Brooke R G, Dumas L B
Department of Biochemistry, Molecular Biology, and Cell Biology, Northwestern University, Evanston, Illinois 60208.
J Biol Chem. 1991 Jun 5;266(16):10093-8.
The immunoaffinity-purified subunits of the yeast DNA primase-DNA polymerase protein complex and subunit-specific monoclonal antibodies were used to explore the structural relationships of the subunits in the complex. The reconstituted four-subunit complex (180-, 86-, 58-, and 49-kDa polypeptides) behaved as a single species, exhibiting a Stokes radius of 80 A and a sedimentation coefficient of 8.9 S. The calculated molecular weight of the reconstituted complex is 312,000. We infer that the stoichiometry of the complex is one of each subunit per complex. The complex has a prolate ellipsoid shape with an axial ratio of approximately 16. When the 180-kDa and DNA primase subunits were recombined in the absence of the 86-kDa subunit, a physical complex formed, as judged by immunoprecipitation of DNA primase activity and polypeptides with an anti-180-kDa monoclonal antibody. While the 86-kDa subunit readily forms a physical complex with the 180-kDa DNA polymerase catalytic subunit, we have not detected a complex containing 86-kDa and the DNA primase subcomplex (49- and 58-kDa subunits). The 86-kDa subunit was not required for DNA primase-DNA polymerase complex formation; the 180-kDa subunit and DNA primase heterodimer directly interact. However, the presence of the 86-kDa subunit increased the rate at which the DNA primase and 180-kDa polypeptides formed a complex and increased the total fraction of DNA primase activity that was associated with DNA polymerase activity.
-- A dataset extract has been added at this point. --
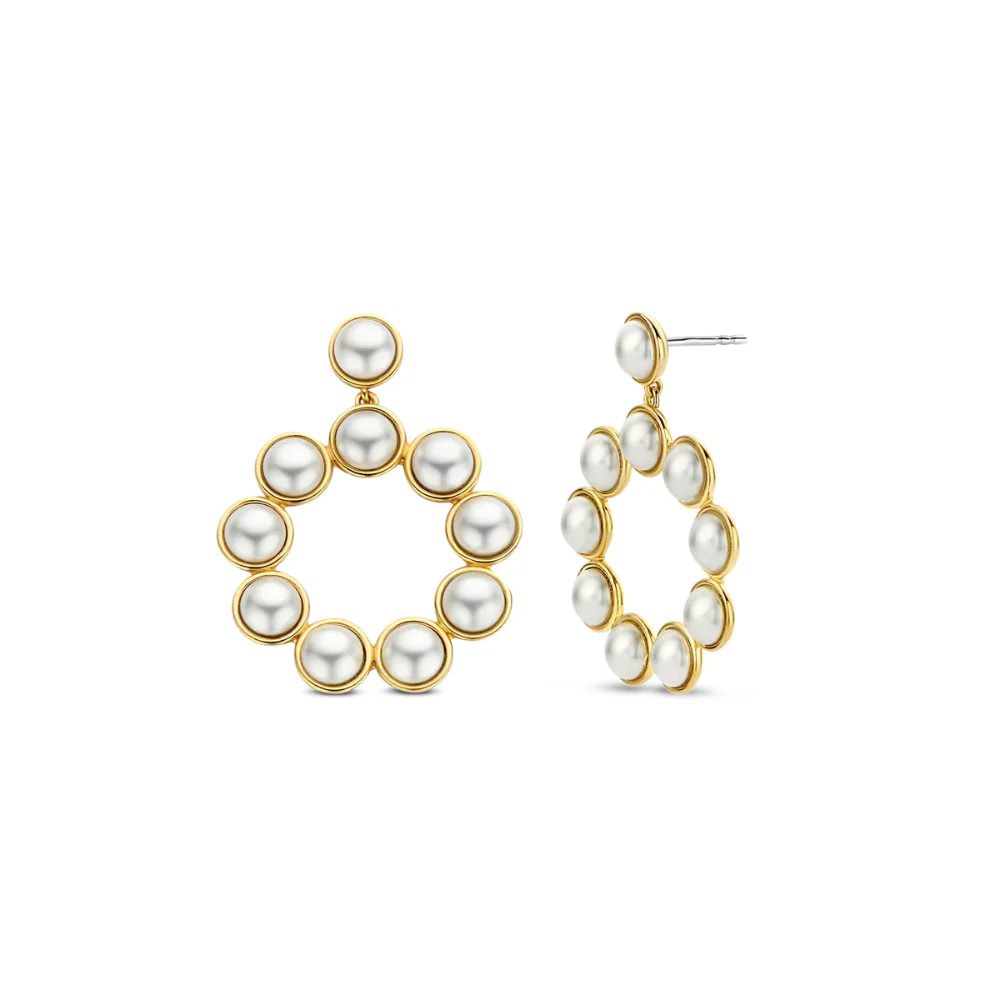 Ti Sento Gold Plated Small Round Pearls Drop Earrings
The observations demonstrate that the DNA primase p49.p58 heterodimer and the DNA polymerase p86.p180 heterodimer interact via the 180-kDa subunit. The four-subunit reconstituted complex was sufficient to catalyze the DNA chain extension coupled to RNA primer synthesis on a single-stranded DNA template, as previously observed in the conventionally purified complex isolated from wild type cells.
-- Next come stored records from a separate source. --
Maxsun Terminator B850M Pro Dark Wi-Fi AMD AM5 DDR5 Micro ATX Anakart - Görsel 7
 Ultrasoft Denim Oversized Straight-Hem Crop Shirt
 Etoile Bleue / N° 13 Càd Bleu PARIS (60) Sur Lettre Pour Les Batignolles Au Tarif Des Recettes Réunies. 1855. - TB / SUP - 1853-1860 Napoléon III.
利用免疫亲和纯化的酵母DNA引发酶 - DNA聚合酶蛋白复合物的亚基和亚基特异性单克隆抗体,来探究该复合物中亚基的结构关系。重组的四亚基复合物(180 kDa、86 kDa、58 kDa和49 kDa的多肽)表现为单一物种,斯托克斯半径为80 Å,沉降系数为8.9 S。重组复合物的计算分子量为312,000。我们推断该复合物的化学计量比是每个复合物中各有一个亚基。该复合物呈长椭圆形,轴比约为16。当180 kDa亚基和DNA引发酶亚基在没有86 kDa亚基的情况下重组时,形成了一个物理复合物,这是通过用抗180 kDa单克隆抗体免疫沉淀DNA引发酶活性和多肽来判断的。虽然86 kDa亚基很容易与180 kDa的DNA聚合酶催化亚基形成物理复合物,但我们尚未检测到包含86 kDa亚基和DNA引发酶亚复合物(49 kDa和58 kDa亚基)的复合物。DNA引发酶 - DNA聚合酶复合物的形成不需要86 kDa亚基;180 kDa亚基和DNA引发酶异二聚体直接相互作用。然而,86 kDa亚基的存在增加了DNA引发酶和180 kDa多肽形成复合物的速率,并增加了与DNA聚合酶活性相关的DNA引发酶活性的总比例。这些观察结果表明,DNA引发酶p49.p58异二聚体和DNA聚合酶p86.p180异二聚体通过180 kDa亚基相互作用。如先前在从野生型细胞中分离得到的传统纯化复合物中所观察到的那样,重组的四亚基复合物足以催化与单链DNA模板上的RNA引物合成偶联的DNA链延伸。